In terms of psychic violence and female sexuality, I grew up at a time and in a class in Calcutta when you couldn't say the word "sex." I'd never said the word "sex" and we certainly were not allowed to think of it; I didn't even know how the male anatomy was constructed. So for me or for my characters who are coming not from villages but upper-class, urban Indian settings, sexuality becomes the mode of resistance or a way to rebel. After all, if you're coming out of a society where sex is the unspeakable, the unutterable, then doing it or acknowledging your sexuality results not only in individual rebellion but actually constitutes an attack on a whole patriarchal, Victorian, hypocritical society. And why psychic violence? Ultimately, physical injuries are less affecting than the wounds inside. You lose a leg, you get a prosthetic. But what do you do about the scarred psyche?

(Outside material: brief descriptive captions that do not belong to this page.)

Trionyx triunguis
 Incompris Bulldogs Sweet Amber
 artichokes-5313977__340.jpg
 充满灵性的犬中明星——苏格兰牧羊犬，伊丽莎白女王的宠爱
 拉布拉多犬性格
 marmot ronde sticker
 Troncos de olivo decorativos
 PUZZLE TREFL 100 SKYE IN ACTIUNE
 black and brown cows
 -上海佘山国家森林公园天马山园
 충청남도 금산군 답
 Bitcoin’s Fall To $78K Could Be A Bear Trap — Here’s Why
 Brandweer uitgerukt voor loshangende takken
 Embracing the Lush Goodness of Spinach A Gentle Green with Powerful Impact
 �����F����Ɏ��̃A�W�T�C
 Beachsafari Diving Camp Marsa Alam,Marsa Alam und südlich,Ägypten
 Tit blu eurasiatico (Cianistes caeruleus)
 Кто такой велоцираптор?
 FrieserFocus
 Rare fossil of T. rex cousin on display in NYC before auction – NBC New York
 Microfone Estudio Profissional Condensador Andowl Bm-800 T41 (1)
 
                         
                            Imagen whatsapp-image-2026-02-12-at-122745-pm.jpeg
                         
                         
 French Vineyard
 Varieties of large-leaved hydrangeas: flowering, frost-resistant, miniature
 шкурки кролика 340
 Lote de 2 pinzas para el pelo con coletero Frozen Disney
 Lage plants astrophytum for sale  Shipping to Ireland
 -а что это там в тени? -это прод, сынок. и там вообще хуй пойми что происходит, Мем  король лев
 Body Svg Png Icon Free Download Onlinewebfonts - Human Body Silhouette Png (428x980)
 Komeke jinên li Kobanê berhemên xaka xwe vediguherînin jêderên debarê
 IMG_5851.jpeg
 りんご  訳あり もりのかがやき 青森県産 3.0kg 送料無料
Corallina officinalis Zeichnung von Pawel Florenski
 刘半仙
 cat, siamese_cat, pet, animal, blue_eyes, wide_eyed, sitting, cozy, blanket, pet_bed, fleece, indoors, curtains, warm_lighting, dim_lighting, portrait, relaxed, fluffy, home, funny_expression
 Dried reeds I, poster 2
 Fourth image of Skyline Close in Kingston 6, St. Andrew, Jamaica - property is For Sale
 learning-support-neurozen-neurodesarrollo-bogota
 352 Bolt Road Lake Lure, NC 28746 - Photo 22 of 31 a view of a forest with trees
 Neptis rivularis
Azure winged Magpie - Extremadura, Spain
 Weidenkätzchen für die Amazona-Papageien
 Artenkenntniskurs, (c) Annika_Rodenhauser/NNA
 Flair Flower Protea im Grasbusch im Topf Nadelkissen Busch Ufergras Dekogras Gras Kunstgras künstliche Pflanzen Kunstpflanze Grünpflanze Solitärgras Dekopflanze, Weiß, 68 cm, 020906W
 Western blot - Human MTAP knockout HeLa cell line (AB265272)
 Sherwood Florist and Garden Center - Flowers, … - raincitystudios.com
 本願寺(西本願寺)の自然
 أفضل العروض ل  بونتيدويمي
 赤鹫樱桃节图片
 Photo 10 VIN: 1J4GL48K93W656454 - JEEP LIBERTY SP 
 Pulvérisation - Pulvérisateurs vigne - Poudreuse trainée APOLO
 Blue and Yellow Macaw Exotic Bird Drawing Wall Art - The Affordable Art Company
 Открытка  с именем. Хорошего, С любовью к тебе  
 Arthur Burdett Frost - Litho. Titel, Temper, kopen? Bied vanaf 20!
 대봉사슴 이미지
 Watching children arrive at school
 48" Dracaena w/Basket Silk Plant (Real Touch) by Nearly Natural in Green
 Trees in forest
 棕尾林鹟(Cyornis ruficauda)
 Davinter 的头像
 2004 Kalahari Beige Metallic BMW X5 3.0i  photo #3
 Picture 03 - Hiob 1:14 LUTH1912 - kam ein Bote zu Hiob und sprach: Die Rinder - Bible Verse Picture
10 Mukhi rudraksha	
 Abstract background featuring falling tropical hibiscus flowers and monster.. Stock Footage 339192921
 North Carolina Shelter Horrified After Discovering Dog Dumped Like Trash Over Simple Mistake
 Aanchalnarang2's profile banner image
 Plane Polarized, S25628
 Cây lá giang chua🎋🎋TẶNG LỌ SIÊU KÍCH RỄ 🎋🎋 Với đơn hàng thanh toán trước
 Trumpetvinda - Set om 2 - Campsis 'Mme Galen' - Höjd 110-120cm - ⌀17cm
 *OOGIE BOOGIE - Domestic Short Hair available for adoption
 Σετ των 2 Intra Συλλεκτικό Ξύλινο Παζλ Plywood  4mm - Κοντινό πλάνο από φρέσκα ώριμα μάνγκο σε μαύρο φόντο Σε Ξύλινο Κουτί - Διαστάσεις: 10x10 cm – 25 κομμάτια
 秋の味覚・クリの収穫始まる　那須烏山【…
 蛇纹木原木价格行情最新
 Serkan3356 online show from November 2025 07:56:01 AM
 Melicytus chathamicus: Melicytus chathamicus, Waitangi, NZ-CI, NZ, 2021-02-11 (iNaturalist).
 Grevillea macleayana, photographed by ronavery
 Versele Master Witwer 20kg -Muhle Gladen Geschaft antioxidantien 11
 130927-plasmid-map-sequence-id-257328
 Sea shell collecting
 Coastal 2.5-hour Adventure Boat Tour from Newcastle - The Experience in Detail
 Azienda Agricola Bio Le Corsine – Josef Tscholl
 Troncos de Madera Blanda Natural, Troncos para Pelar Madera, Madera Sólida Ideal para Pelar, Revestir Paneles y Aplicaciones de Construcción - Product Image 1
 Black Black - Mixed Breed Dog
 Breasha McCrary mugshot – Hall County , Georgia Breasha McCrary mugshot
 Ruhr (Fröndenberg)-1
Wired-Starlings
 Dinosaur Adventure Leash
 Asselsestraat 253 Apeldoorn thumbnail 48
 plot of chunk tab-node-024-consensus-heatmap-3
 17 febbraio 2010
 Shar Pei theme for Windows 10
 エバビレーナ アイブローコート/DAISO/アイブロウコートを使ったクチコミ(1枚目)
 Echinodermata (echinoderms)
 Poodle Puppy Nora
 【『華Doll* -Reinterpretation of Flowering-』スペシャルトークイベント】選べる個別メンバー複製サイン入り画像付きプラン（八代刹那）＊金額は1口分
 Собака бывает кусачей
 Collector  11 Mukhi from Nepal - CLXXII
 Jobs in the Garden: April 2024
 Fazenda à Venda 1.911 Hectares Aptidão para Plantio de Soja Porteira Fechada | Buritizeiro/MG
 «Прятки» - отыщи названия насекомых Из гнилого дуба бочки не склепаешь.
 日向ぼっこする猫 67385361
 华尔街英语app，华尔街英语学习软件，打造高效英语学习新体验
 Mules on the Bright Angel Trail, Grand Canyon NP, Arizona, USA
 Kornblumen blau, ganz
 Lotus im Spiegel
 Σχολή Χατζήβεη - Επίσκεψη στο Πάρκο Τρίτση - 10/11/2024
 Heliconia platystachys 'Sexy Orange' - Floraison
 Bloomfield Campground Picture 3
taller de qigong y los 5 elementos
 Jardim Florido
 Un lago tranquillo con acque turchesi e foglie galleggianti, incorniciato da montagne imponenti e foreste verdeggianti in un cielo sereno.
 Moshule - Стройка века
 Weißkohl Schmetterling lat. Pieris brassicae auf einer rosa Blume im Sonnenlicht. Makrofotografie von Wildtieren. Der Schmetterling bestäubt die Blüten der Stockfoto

It was by listening that I visualized and was mesmerized by conflict, by character, by romance, whatever. I started to read and write very early--I was in regular school by the age of three--and at that time, we used pens that you dip into an inkwell. I don't know if that was violence, but you did immediately start thinking in wholly different ways and the scratching--I can still see the blots of ink, the scratching on the paper--slows you down, but also gives you time to think. Then my relationship to story again became very different when we graduated by age nine to fountain pens. Also, the paper was so different over there; you could see bugs worked into the fabric, or big seams . . . the paper was rough and pocked with shiny bits. Seeing whether the pen nib would go over the shiny impurities or not resulted in a wholly different way of dealing with orthography and a different mental process which accompanies the writing of stories. There wasn't ever a time that I can remember when I wasn't writing stories and I remember what a big breakthrough it was when my father brought back ballpoint pens from Paris. They all melted in the heat but you could write so much faster! That was very empowering, and I went straight from that in the States to typewriter and when I started thinking on electric typewriter, again, suddenly my relationship with the word, and therefore with narrative, became very, very different, more conscious.
If by "technological developments in writing" you mean the availability of computers, software, data storage and retrieval facilities, information-design programs, virtual reality, etc., then I have to confess that technology has been for me a means of exploring and expanding knowledge without losing the writerly sense of wonder. Clark and I were among the very first batch of American writers to get into computers.
I'm not sure I agree with you that technology privileges "First" World over "Third." Much of the information transfer and accounting for U.S. corporations and mega-multinationals with European headquarters is done offshore, meaning in areas that you are designating as "Third." I've done homework on this. It's class , not geography, that's providing the hierarchy grid. Urban, upper-middle classes and professionals in Bombay, Singapore, Hong Kong, Manila, etc. have all the latest electronics and communications instruments. But the poor and the homeless in all areas of the world, including North America, are increasingly disempowered by technological advances. Your question seems to arise from the need of postcolonial studies scholars to impose politics as the dominant grid for measuring art. But for the writer of serious fiction, politics or race or gender is only one element of many hundred elements that go into the making of a character. Novelists aim for fullness of catharsis, not a political pamphlet.